Sunday, September 03, 2006

Thesis update: Revising proposal, going granular with Yoshikoder

It's been awhile since I wrote a thesis update, but I have made a lot of progress, especially in the last two weeks, during a new data-collection phase.

As I mentioned earlier this year, I did complete my thesis proposal back in February. It was approved by the Extension School, and then in June it was tentatively accepted by a Harvard Faculty of Arts and Sciences professor who not only specializes in modern Chinese history and government policy, but also has experience conducting quantitative research.
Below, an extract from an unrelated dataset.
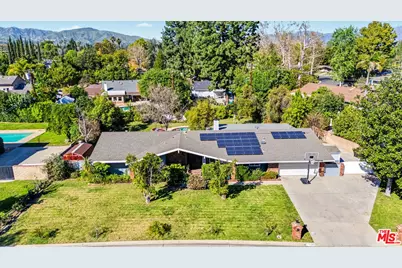 17409 Kinzie St, Northridge, CA 91325 - Photo 39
However, before letting me start on writing the thesis, he had a few questions and suggestions regarding the proposal:
  1. What was I really interested in concentrating on in my research -- Chinese policy toward Vietnam, or a quantitative methodology for studying Chinese policy? My answer: the methodology. Vietnam happened to be a convenient example. He therefore suggested that I rework my thesis proposal to stress the reasons why my methodology is useful, what advantages it holds over certain qualitative methodologies, and to use China's Vietnam policy as an example.

  2. How could my quantitative methodology be improved? In the February version of the proposal, I based my hypotheses on simple frequency counts of NCNA news items that mentioned Vietnam and other countries. "Go granular" with the NCNA content was the FAS professor's advice. He asked me to look at a bunch of different content analysis programs that can perform keyword in context (concordance) analysis, dictionary analysis, and other tasks beyond simple frequency counts.
I settled on a neat little program called Yoshikoder, which was developed by Will Lowe and others at Harvard as part of the Identity Project at Harvard's Center for International Affairs. Here's a description of Yoshikoder's functionality, from Will Lowe's website:

Yoshikoder allows you to load documents, construct and apply content analysis dictionaries, examine keywords-in-context, and perform basic content analyses, in any language.

In more detail: Yoshikoder works with text documents, whether in plain ASCII, Unicode (e.g. UTF-8), or a national encodings (e.g. Big5 Chinese.) You can construct, view, and save keywords-in-context. You can write content analysis dictionaries can be constructed using PERL-style regular expressions. Yoshikoder provides summaries of documents, either as word frequency tables or according to a content analysis dictionary. You can also compare documents according to word frequency profile or with respect to a content dictionary. Yoshikoder's native file format is XML, so dictionaries and keyword-in-context files are non-proprietary and human readable.
One of the additional benefits of the program is that it works on Mac OS X, which I use at home. There are also Linux and Windows versions.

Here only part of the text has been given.